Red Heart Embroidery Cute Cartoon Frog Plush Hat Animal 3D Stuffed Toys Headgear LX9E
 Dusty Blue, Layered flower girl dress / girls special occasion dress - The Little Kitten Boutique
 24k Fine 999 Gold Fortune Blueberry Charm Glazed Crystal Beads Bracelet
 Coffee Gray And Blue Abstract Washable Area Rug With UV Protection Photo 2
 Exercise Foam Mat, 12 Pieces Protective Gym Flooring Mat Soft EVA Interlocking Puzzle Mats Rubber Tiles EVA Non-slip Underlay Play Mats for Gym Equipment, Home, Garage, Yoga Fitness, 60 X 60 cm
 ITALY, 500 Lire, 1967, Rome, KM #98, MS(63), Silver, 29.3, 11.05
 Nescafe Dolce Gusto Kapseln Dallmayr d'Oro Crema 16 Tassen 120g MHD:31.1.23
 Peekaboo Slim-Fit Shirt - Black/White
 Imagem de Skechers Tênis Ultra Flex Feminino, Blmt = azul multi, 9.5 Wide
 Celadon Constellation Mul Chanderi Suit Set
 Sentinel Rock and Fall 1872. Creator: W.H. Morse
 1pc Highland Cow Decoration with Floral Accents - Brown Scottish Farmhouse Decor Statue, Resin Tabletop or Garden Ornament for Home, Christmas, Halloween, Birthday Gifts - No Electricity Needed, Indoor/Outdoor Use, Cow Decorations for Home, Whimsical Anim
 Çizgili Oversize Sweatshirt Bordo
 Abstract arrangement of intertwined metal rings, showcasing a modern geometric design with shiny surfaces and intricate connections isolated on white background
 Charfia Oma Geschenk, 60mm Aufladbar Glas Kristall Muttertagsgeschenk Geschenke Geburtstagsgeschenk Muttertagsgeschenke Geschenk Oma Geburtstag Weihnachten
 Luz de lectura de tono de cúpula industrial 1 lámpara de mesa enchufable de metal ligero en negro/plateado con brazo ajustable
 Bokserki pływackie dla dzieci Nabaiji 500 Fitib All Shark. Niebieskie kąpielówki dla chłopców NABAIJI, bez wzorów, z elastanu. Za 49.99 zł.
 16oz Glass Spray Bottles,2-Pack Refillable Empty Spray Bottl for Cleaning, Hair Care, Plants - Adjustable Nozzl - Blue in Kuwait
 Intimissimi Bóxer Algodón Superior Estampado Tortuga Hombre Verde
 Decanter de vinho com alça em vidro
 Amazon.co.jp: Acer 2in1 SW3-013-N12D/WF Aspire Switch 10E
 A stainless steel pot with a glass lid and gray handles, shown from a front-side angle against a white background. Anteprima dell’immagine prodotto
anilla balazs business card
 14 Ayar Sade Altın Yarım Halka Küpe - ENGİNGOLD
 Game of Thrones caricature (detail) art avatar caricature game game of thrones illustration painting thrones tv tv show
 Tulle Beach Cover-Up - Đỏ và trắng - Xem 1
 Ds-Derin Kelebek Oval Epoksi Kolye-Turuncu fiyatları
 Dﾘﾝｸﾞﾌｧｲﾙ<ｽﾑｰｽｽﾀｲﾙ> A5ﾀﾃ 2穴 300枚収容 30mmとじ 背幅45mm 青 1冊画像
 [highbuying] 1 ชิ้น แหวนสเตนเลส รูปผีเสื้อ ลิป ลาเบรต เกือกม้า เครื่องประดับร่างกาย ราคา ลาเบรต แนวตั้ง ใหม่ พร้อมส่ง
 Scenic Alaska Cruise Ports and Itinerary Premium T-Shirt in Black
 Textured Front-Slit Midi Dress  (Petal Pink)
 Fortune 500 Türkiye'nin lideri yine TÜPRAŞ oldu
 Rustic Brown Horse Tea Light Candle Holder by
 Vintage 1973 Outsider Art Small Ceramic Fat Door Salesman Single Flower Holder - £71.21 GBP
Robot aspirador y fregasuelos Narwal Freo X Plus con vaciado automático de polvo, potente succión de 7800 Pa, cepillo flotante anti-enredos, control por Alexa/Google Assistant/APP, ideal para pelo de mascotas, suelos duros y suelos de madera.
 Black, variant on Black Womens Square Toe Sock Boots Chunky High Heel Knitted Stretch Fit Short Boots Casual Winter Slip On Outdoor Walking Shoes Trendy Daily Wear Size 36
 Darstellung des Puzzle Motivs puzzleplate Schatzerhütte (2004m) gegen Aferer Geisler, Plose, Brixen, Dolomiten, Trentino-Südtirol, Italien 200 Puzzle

•••••

- Work task -
Every entry above, from first to last, should be repeated exactly.

- Solution to the exercise -
Red Heart Embroidery Cute Cartoon Frog Plush Hat Animal 3D Stuffed Toys Headgear LX9E
 Dusty Blue, Layered flower girl dress / girls special occasion dress - The Little Kitten Boutique
 24k Fine 999 Gold Fortune Blueberry Charm Glazed Crystal Beads Bracelet
 Coffee Gray And Blue Abstract Washable Area Rug With UV Protection Photo 2
 Exercise Foam Mat, 12 Pieces Protective Gym Flooring Mat Soft EVA Interlocking Puzzle Mats Rubber Tiles EVA Non-slip Underlay Play Mats for Gym Equipment, Home, Garage, Yoga Fitness, 60 X 60 cm
 ITALY, 500 Lire, 1967, Rome, KM #98, MS(63), Silver, 29.3, 11.05
 Nescafe Dolce Gusto Kapseln Dallmayr d'Oro Crema 16 Tassen 120g MHD:31.1.23
 Peekaboo Slim-Fit Shirt - Black/White
 Imagem de Skechers Tênis Ultra Flex Feminino, Blmt = azul multi, 9.5 Wide
 Celadon Constellation Mul Chanderi Suit Set
 Sentinel Rock and Fall 1872. Creator: W.H. Morse
 1pc Highland Cow Decoration with Floral Accents - Brown Scottish Farmhouse Decor Statue, Resin Tabletop or Garden Ornament for Home, Christmas, Halloween, Birthday Gifts - No Electricity Needed, Indoor/Outdoor Use, Cow Decorations for Home, Whimsical Anim
 Çizgili Oversize Sweatshirt Bordo
 Abstract arrangement of intertwined metal rings, showcasing a modern geometric design with shiny surfaces and intricate connections isolated on white background
 Charfia Oma Geschenk, 60mm Aufladbar Glas Kristall Muttertagsgeschenk Geschenke Geburtstagsgeschenk Muttertagsgeschenke Geschenk Oma Geburtstag Weihnachten
 Luz de lectura de tono de cúpula industrial 1 lámpara de mesa enchufable de metal ligero en negro/plateado con brazo ajustable
 Bokserki pływackie dla dzieci Nabaiji 500 Fitib All Shark. Niebieskie kąpielówki dla chłopców NABAIJI, bez wzorów, z elastanu. Za 49.99 zł.
 16oz Glass Spray Bottles,2-Pack Refillable Empty Spray Bottl for Cleaning, Hair Care, Plants - Adjustable Nozzl - Blue in Kuwait
 Intimissimi Bóxer Algodón Superior Estampado Tortuga Hombre Verde
 Decanter de vinho com alça em vidro
 Amazon.co.jp: Acer 2in1 SW3-013-N12D/WF Aspire Switch 10E
 A stainless steel pot with a glass lid and gray handles, shown from a front-side angle against a white background. Anteprima dell’immagine prodotto
anilla balazs business card
 14 Ayar Sade Altın Yarım Halka Küpe - ENGİNGOLD
 Game of Thrones caricature (detail) art avatar caricature game game of thrones illustration painting thrones tv tv show
 Tulle Beach Cover-Up - Đỏ và trắng - Xem 1
 Ds-Derin Kelebek Oval Epoksi Kolye-Turuncu fiyatları
 Dﾘﾝｸﾞﾌｧｲﾙ<ｽﾑｰｽｽﾀｲﾙ> A5ﾀﾃ 2穴 300枚収容 30mmとじ 背幅45mm 青 1冊画像
 [highbuying] 1 ชิ้น แหวนสเตนเลส รูปผีเสื้อ ลิป ลาเบรต เกือกม้า เครื่องประดับร่างกาย ราคา ลาเบรต แนวตั้ง ใหม่ พร้อมส่ง
 Scenic Alaska Cruise Ports and Itinerary Premium T-Shirt in Black
 Textured Front-Slit Midi Dress  (Petal Pink)
 Fortune 500 Türkiye'nin lideri yine TÜPRAŞ oldu
 Rustic Brown Horse Tea Light Candle Holder by
 Vintage 1973 Outsider Art Small Ceramic Fat Door Salesman Single Flower Holder - £71.21 GBP
Robot aspirador y fregasuelos Narwal Freo X Plus con vaciado automático de polvo, potente succión de 7800 Pa, cepillo flotante anti-enredos, control por Alexa/Google Assistant/APP, ideal para pelo de mascotas, suelos duros y suelos de madera.
 Black, variant on Black Womens Square Toe Sock Boots Chunky High Heel Knitted Stretch Fit Short Boots Casual Winter Slip On Outdoor Walking Shoes Trendy Daily Wear Size 36
 Darstellung des Puzzle Motivs puzzleplate Schatzerhütte (2004m) gegen Aferer Geisler, Plose, Brixen, Dolomiten, Trentino-Südtirol, Italien 200 Puzzle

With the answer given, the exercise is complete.